** Opening PROVIDED ENTRIES block **

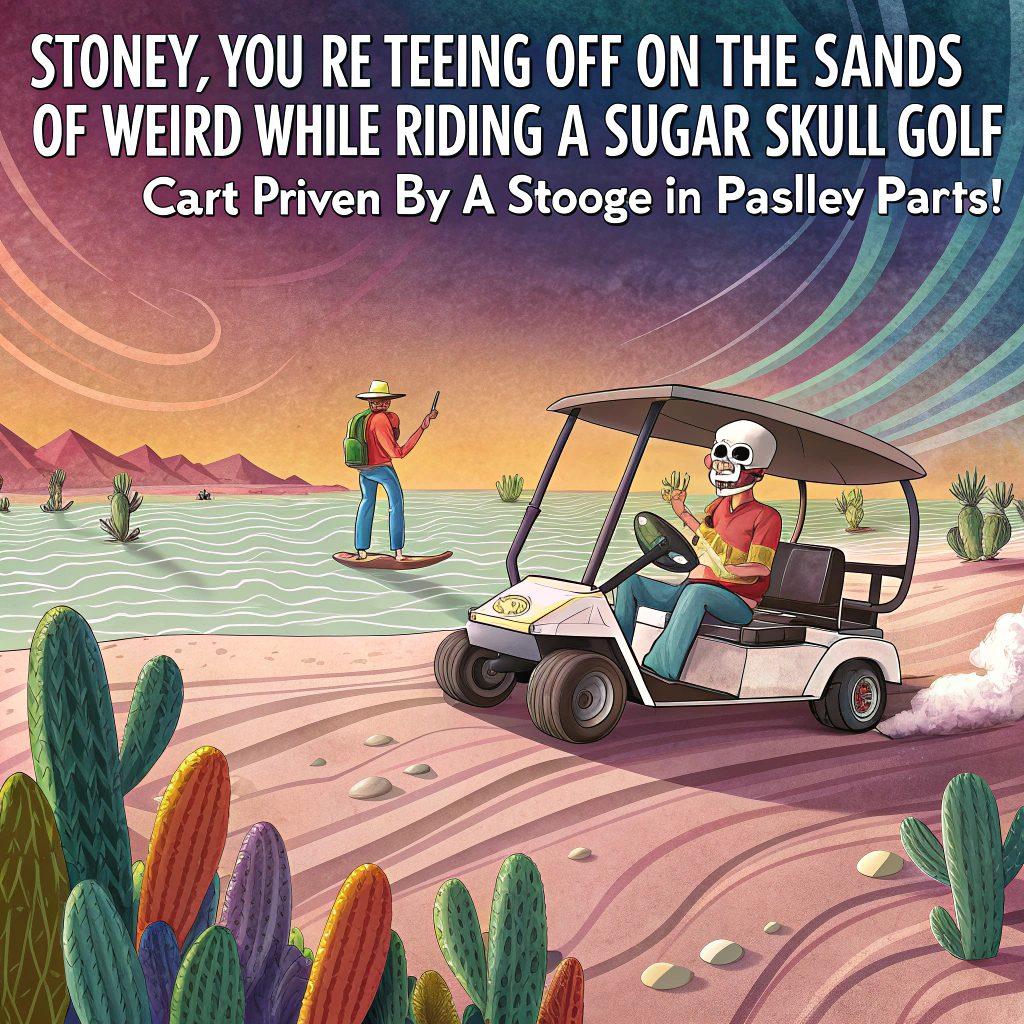 At the top of the image, "STONEY, you’re teeing off on the sands of weird while riding a sugar skull golf cart driven by a Stooge in paisley pants!"

– The image features a surreal, abstract beachscape where melting surfboards bloom like desert cacti. A swirling sky made of record grooves and tie-dye patterns hangs overhead, punctuated by flying Frank Zappa heads in golf visors, raining psychedelic golf balls. Three loosely-shaped cartoonish stooges (think rubbery, Dalí-style) attempt to play golf using flamingo-legged putters while a skeletal Grateful Dead bear caddie juggles coconuts and cassette tapes.

– In the distance, a psychedelic tour bus labeled “Zappalachia or Bust” cruises along a dune shaped like a vinyl record.

– The overall style blends pastel desert tones with vivid beach neons and pop-surrealist elements.
Generated with these themes: Zappa, Golf, 3 stooges, Grateful dead, and Beach.
Made with ❤️ by AI.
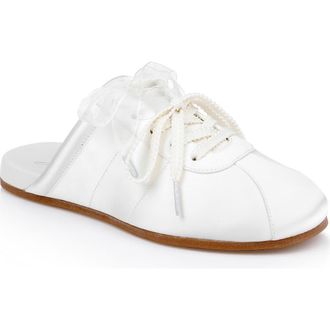 Badgley Mischka Priscila Mule in Ivory Satin at Nordstrom, Size 6.5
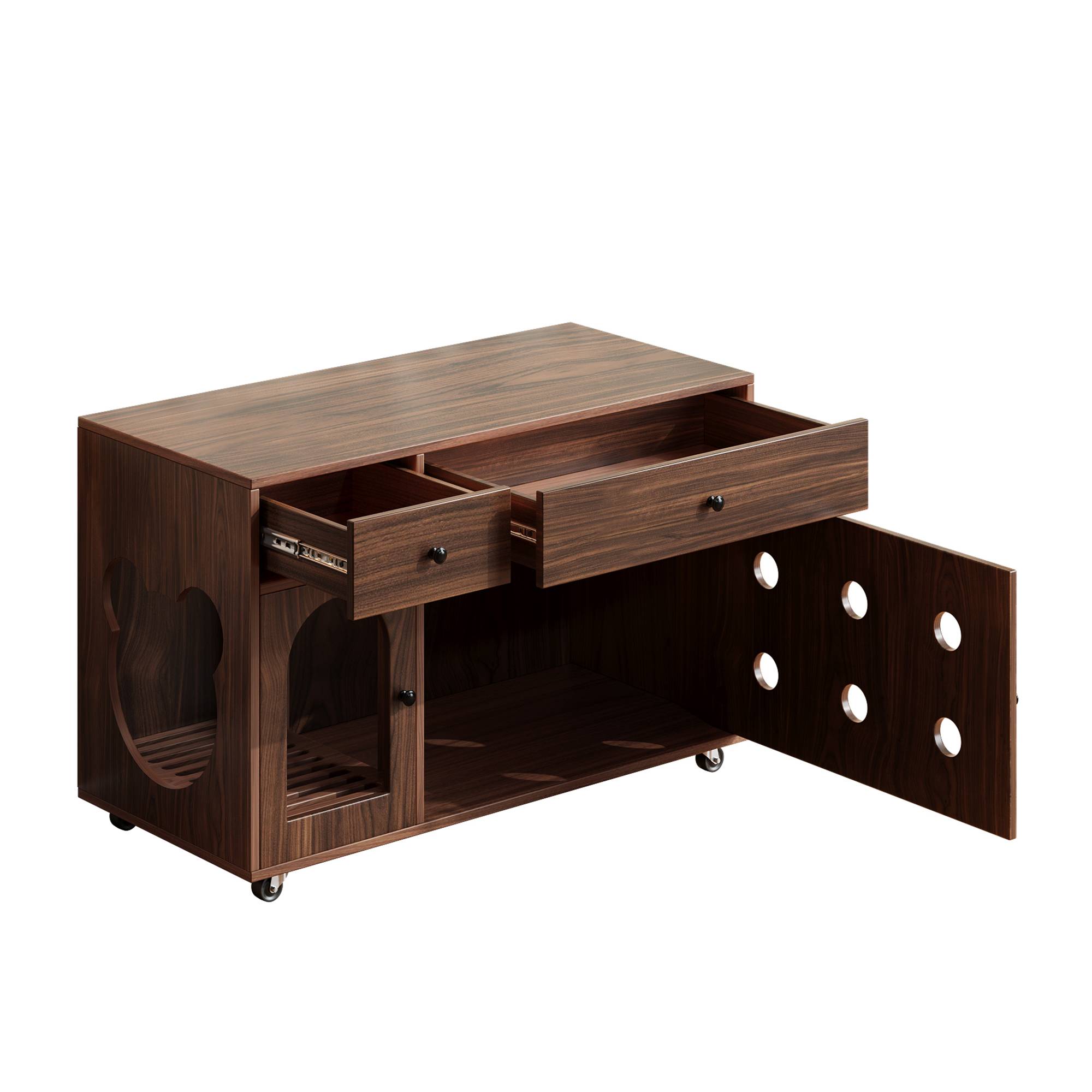 Maison de toilette pour chat avec tiroirs et plateau collecteur 100 x 45 x 66 cm MDF noyer - PANGIVO - Image 9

** Closing PROVIDED ENTRIES block **

**TRY IT**. Would you mind returning each entry above word for word, skipping the images?

**RESULT FOR THIS TASK**.
 At the top of the image, "STONEY, you’re teeing off on the sands of weird while riding a sugar skull golf cart driven by a Stooge in paisley pants!"

– The image features a surreal, abstract beachscape where melting surfboards bloom like desert cacti. A swirling sky made of record grooves and tie-dye patterns hangs overhead, punctuated by flying Frank Zappa heads in golf visors, raining psychedelic golf balls. Three loosely-shaped cartoonish stooges (think rubbery, Dalí-style) attempt to play golf using flamingo-legged putters while a skeletal Grateful Dead bear caddie juggles coconuts and cassette tapes.

– In the distance, a psychedelic tour bus labeled “Zappalachia or Bust” cruises along a dune shaped like a vinyl record.

– The overall style blends pastel desert tones with vivid beach neons and pop-surrealist elements.
Generated with these themes: Zappa, Golf, 3 stooges, Grateful dead, and Beach.
Made with ❤️ by AI.
 Badgley Mischka Priscila Mule in Ivory Satin at Nordstrom, Size 6.5
 Maison de toilette pour chat avec tiroirs et plateau collecteur 100 x 45 x 66 cm MDF noyer - PANGIVO - Image 9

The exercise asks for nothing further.